**Your task**
Starting at the line that contains "Used 2025 MAZDA CX-5 Carbon Edition", write out every line through the last one in the records below, word for word. Leave out any pictures.
◆ ◆ ◆ ◆ ◆
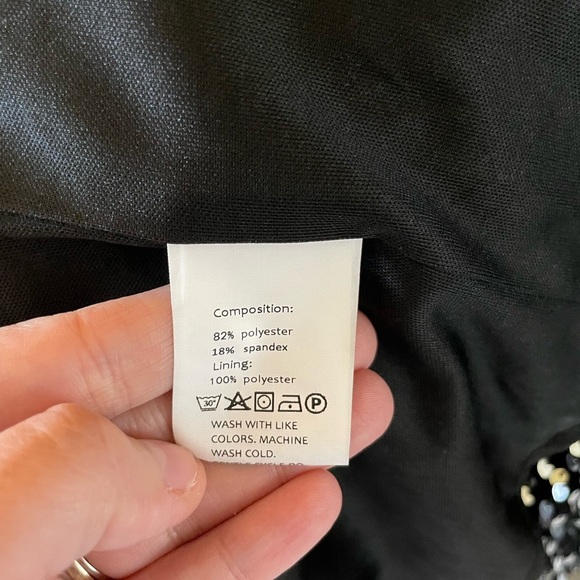 Southern Fried Chics sequin jacket bolero cardigan - Picture 6 of 7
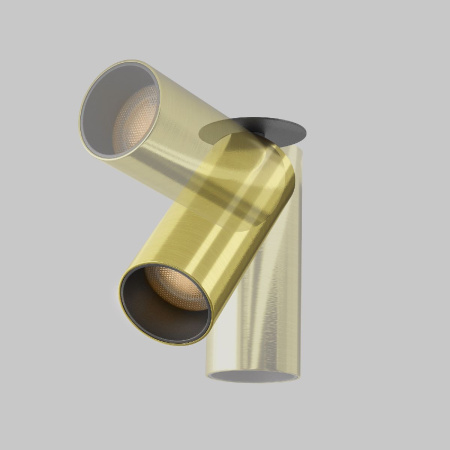 Встраиваемый спот Maytoni Focus Led C053CL-L12W3K-W-BS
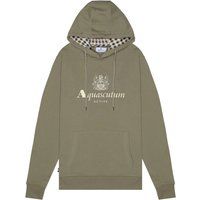 Kapuzenpullover aus Baumwolle mit Logoprint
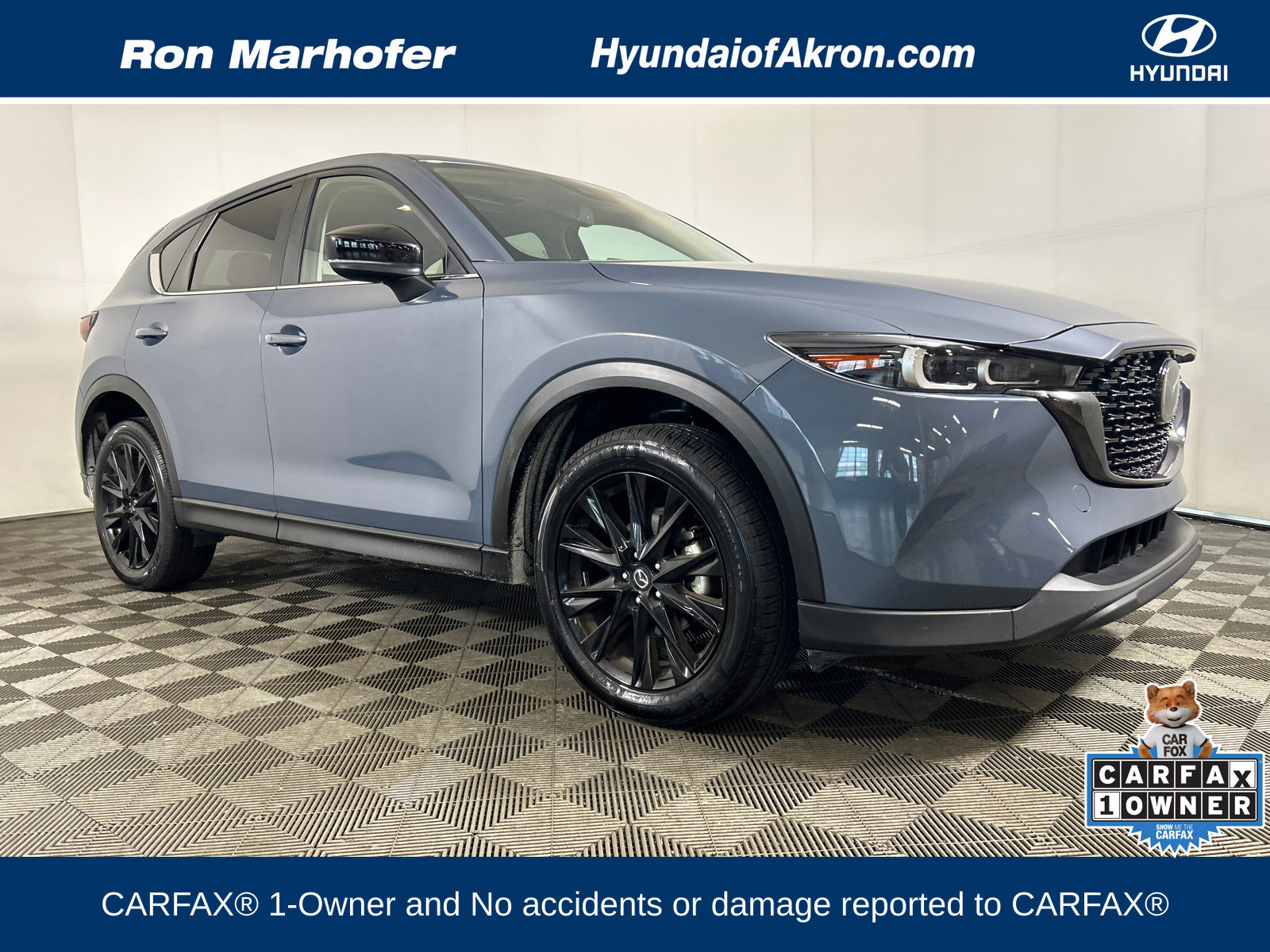 Used 2025 MAZDA CX-5 Carbon Edition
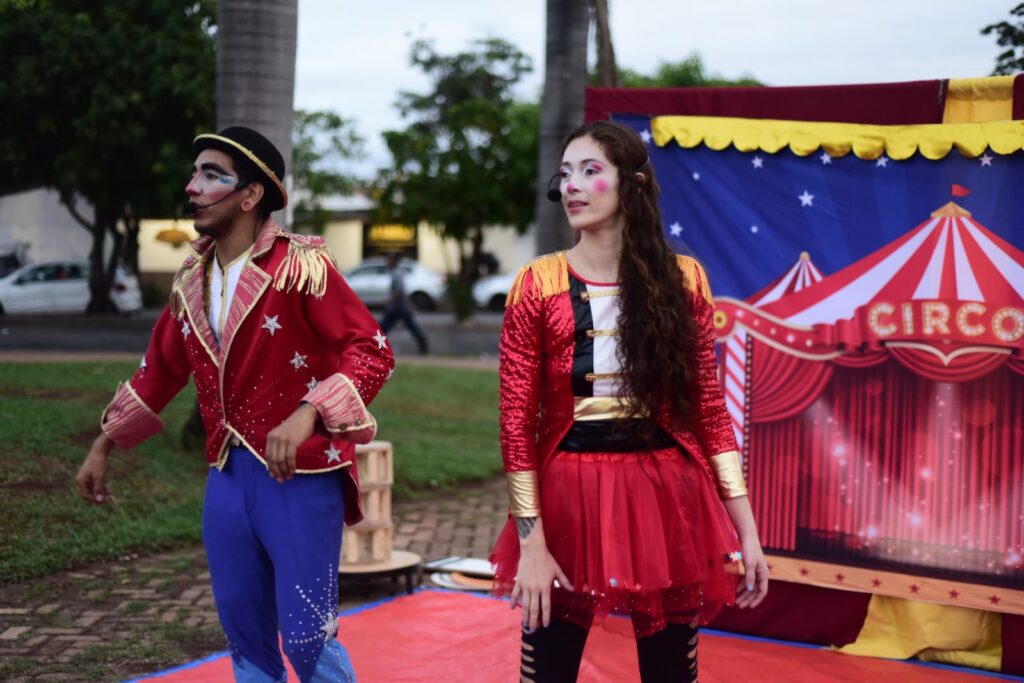 Espetáculo circense internacional percorre praças de Goiânia a partir da próxima semana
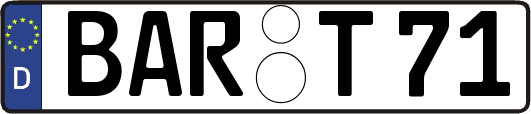 BAR-T71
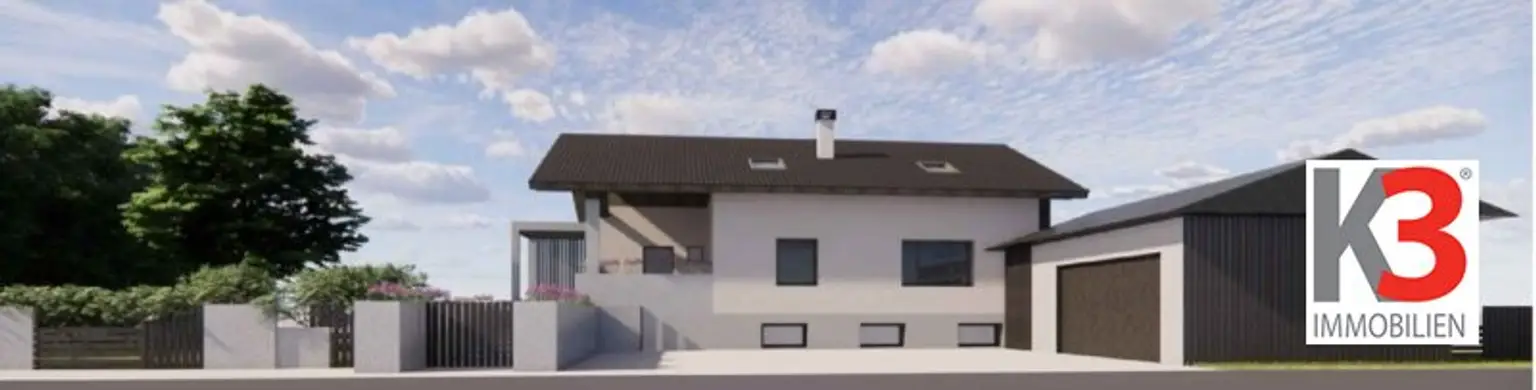 K3 - Einfamilienhaus in ruhiger, familienfreundlicher Lage - viel Potential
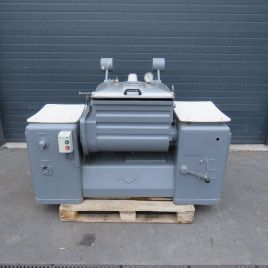 Stainless steel MANURHIN double Z mixer 150 litres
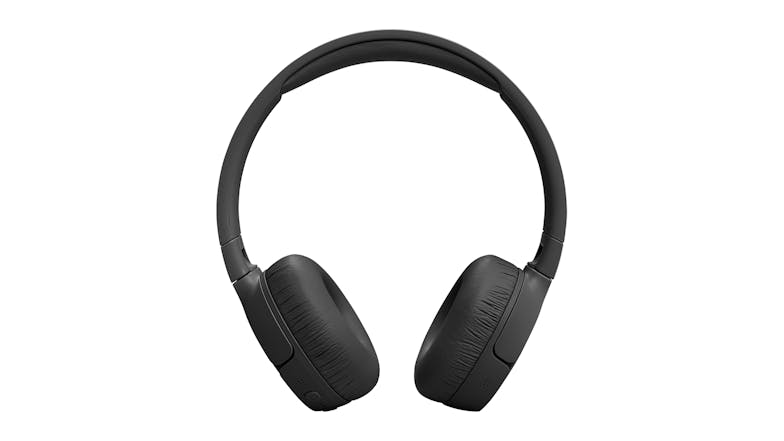 JBL TUNE 670 Adaptive Noise Cancelling Wireless On-Ear Headphones - Black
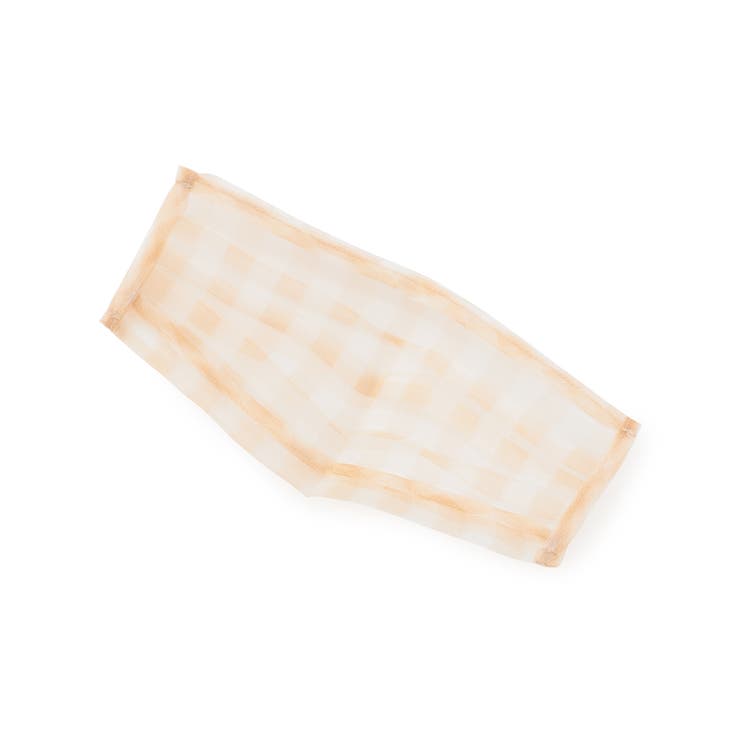 【WEAR MASK】きせかえマスク オーガンジープリントプリーツマスクカバー | ROPE' PICNIC | 詳細画像6 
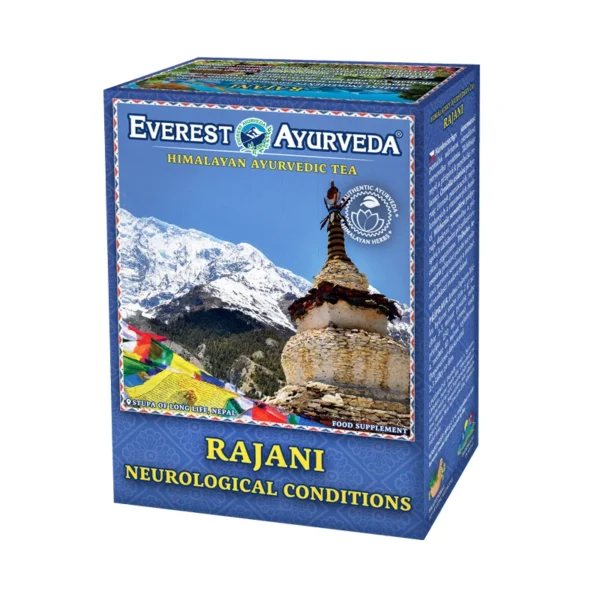 Everest Ayurveda Rajani хималайски аюрведичен чай, 100 г насипен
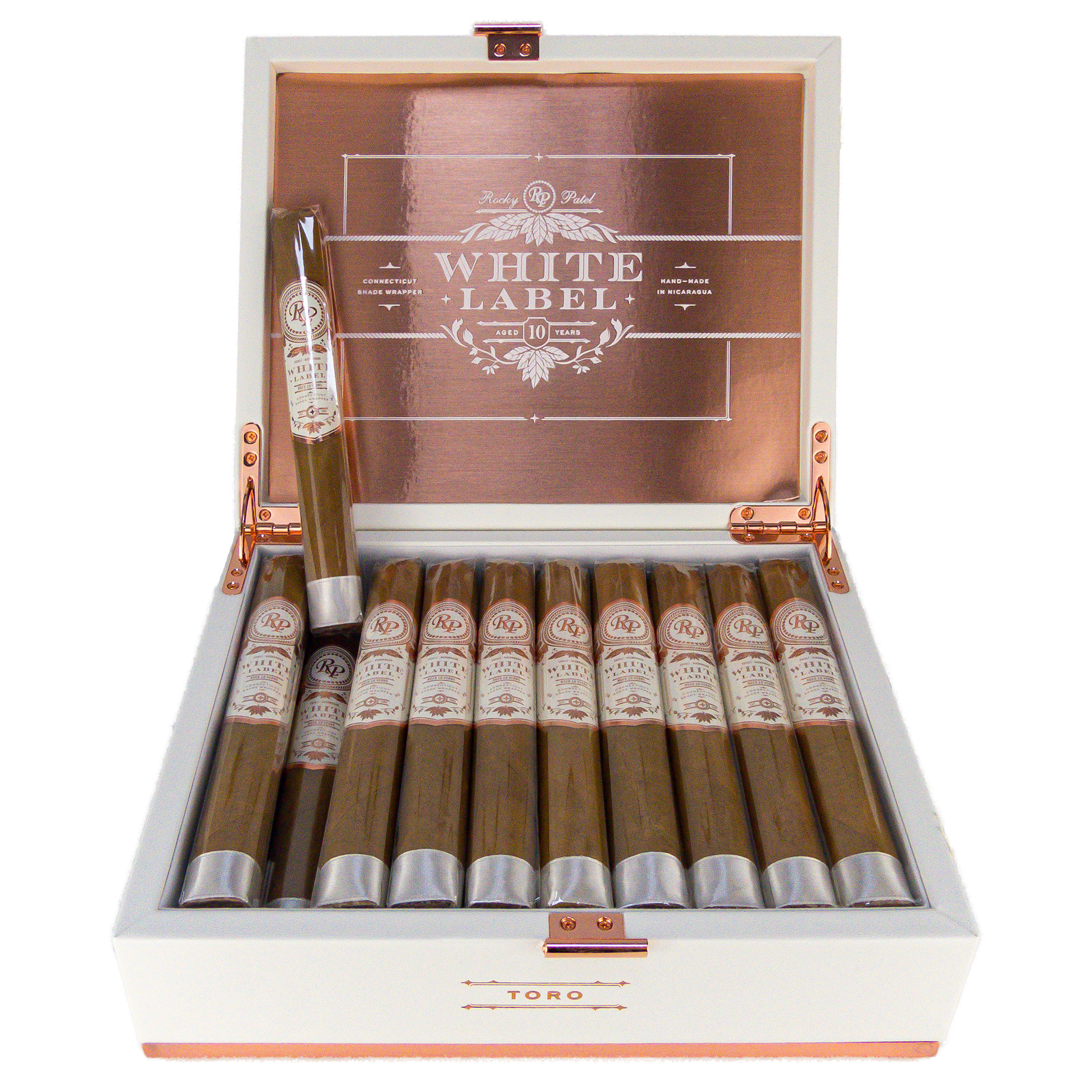 Rocky Patel White Label Toro 20er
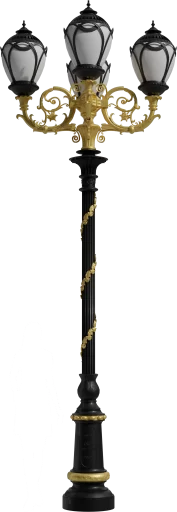 Wysoka latarnia stylowa MRX! 4x!R03 4x!A2D v2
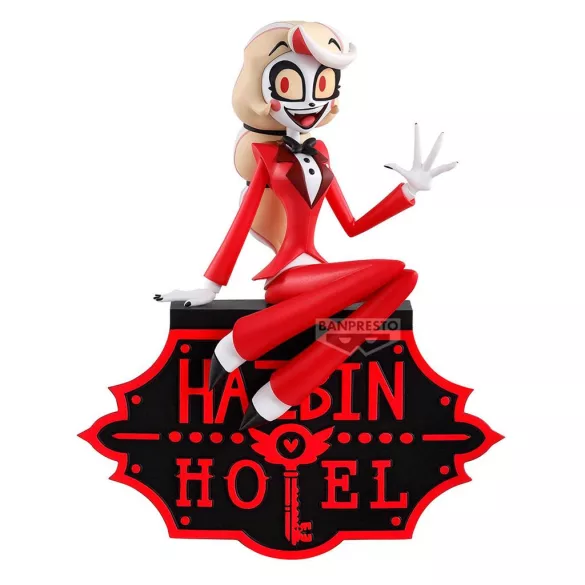 Hazbin Hotel - Banpresto Monitor Top Figure - Charlie Morningstar (Ver. A)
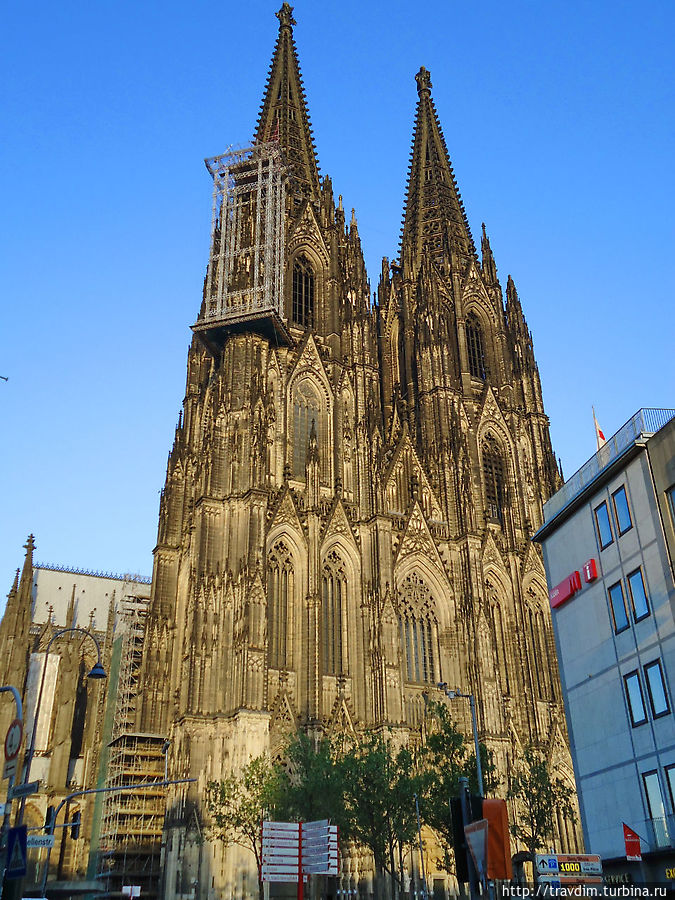 Главный собор Кёльна (часть 1) Кёльн, Германия
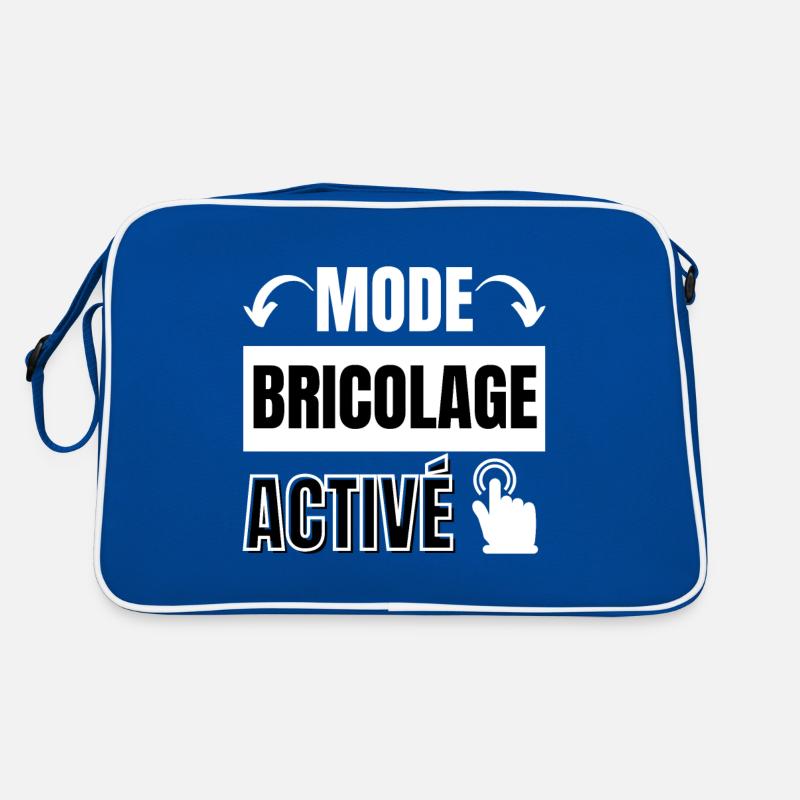 mode bricolage Sac Retro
◆ ◆ ◆ ◆ ◆
**Task result**
 Used 2025 MAZDA CX-5 Carbon Edition
 Espetáculo circense internacional percorre praças de Goiânia a partir da próxima semana
 BAR-T71
 K3 - Einfamilienhaus in ruhiger, familienfreundlicher Lage - viel Potential
 Stainless steel MANURHIN double Z mixer 150 litres
 JBL TUNE 670 Adaptive Noise Cancelling Wireless On-Ear Headphones - Black
 【WEAR MASK】きせかえマスク オーガンジープリントプリーツマスクカバー | ROPE' PICNIC | 詳細画像6 
 Everest Ayurveda Rajani хималайски аюрведичен чай, 100 г насипен
 Rocky Patel White Label Toro 20er
 Wysoka latarnia stylowa MRX! 4x!R03 4x!A2D v2
 Hazbin Hotel - Banpresto Monitor Top Figure - Charlie Morningstar (Ver. A)
 Главный собор Кёльна (часть 1) Кёльн, Германия
 mode bricolage Sac Retro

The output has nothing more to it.